By the time we reach the scene between Schwartzman’s character and the apparition of a mentor (played by Roy Nathanson), “There There” has gone completely off the rails. The film’s central thesis that there are two sides to every coin doesn’t suffice as a plot that moves forward. The fact that the narrative plays out like a relay race means that viewers don’t emotionally invest in any of the characters. The ones we root for in the first half prove unworthy by the end, and any revelation of conscience isn’t enough to redeem the rest in the second half. 
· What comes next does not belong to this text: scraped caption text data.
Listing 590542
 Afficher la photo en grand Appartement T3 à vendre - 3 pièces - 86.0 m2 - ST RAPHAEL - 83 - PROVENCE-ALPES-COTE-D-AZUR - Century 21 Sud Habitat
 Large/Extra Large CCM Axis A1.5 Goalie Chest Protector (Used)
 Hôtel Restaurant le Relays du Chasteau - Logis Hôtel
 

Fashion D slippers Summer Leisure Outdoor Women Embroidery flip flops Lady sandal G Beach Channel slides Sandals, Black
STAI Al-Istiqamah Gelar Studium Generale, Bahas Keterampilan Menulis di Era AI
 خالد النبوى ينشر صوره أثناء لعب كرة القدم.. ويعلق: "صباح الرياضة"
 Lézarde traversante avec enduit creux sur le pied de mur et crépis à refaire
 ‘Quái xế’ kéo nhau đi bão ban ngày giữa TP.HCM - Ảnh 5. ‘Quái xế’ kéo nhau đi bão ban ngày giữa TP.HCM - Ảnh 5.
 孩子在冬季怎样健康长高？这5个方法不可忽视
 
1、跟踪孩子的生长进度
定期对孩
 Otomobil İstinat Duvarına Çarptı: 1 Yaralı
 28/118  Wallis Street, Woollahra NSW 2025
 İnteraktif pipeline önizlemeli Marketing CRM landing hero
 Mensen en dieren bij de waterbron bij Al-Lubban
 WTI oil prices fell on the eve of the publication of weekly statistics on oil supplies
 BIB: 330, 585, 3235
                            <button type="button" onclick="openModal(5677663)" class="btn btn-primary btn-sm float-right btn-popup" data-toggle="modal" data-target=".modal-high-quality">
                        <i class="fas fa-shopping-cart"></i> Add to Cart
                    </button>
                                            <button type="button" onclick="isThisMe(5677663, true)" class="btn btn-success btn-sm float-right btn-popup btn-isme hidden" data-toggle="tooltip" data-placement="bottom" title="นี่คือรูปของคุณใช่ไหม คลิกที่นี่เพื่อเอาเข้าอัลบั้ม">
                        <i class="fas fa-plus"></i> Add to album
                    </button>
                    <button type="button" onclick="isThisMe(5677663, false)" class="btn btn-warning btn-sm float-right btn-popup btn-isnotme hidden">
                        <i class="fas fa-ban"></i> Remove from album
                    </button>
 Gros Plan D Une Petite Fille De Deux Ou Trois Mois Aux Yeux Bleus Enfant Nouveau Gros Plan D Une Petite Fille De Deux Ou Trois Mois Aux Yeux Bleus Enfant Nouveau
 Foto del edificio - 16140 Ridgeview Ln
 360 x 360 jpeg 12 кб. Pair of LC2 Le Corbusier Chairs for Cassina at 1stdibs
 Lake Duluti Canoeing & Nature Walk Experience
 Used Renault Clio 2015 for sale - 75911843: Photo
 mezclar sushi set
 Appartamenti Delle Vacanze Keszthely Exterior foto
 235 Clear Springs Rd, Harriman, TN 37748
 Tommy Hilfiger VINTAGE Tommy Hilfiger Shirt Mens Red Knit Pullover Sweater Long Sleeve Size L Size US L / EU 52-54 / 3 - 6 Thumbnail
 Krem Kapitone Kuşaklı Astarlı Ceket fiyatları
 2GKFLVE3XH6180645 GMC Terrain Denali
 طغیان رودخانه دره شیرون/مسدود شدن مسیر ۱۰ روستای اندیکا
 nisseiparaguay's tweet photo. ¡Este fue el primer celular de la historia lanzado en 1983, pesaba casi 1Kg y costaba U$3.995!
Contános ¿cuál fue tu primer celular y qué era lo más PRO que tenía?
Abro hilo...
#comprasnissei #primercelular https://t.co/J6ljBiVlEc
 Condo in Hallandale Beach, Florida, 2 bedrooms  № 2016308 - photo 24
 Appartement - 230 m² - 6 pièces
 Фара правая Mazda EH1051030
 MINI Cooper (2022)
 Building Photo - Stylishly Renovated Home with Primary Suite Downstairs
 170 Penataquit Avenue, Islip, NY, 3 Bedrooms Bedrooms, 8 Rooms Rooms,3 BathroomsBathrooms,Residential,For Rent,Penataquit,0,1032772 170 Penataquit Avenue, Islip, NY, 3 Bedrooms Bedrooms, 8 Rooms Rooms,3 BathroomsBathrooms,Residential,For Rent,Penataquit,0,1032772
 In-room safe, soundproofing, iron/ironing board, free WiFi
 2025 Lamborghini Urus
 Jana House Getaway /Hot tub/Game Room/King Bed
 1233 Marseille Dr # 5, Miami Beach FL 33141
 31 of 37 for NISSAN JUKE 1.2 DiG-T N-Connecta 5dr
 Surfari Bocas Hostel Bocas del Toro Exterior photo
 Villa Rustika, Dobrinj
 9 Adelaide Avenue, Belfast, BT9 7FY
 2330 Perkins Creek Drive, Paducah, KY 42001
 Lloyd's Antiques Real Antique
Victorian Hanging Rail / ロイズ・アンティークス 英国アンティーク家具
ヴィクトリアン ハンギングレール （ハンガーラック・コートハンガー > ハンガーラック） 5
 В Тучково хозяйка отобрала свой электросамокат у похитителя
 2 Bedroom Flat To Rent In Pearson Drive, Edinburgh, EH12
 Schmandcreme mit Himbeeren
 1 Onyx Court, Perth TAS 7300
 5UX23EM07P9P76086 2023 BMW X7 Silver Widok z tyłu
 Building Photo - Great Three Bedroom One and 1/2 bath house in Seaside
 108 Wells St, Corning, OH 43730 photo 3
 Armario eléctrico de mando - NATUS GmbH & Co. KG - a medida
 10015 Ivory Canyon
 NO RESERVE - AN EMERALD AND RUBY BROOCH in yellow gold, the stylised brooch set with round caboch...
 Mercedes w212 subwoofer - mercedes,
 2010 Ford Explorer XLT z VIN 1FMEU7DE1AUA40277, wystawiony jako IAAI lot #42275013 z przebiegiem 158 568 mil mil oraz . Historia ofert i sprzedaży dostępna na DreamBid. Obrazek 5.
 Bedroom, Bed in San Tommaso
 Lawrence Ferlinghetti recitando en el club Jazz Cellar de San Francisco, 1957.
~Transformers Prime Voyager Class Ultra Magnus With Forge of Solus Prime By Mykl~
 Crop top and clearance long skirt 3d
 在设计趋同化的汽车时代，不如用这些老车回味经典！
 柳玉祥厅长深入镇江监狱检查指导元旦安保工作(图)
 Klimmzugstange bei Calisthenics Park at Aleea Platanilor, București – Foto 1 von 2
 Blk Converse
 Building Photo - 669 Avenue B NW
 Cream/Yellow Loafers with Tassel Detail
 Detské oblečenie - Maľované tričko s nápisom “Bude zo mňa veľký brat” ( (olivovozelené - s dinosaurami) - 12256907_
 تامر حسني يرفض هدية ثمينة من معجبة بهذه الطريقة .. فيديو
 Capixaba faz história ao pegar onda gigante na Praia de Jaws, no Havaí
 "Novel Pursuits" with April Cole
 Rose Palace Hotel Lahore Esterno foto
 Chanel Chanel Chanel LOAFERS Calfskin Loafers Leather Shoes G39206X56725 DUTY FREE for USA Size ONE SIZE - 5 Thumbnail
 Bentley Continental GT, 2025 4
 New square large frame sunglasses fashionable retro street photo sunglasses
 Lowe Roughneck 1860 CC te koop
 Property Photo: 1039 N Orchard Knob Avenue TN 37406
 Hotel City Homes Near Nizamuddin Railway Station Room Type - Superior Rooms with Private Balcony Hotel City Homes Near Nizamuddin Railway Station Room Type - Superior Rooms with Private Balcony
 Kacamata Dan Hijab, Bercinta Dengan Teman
“There There” is about as unapproachable as Harmony Korine’s “Trash Humpers” and David Lynch’s “Inland Empire.” Experimentalism isn’t a bad thing in and of itself, but the form, content, visuals, and motifs of “There There” aren’t inspired or interesting enough to warrant serious mental engagement. “Support the Girls” is exciting not simply because it is accessible, but because it’s a successful example of Bujalski thriving, making something vibrant outside his comfort zone. “There There” feels like a retreat to older work he’s thought to have long moved away from, and a somewhat haphazard retreat at that.

“There There” opens Nov. 18 in theaters and on demand via Magnolia Pictures.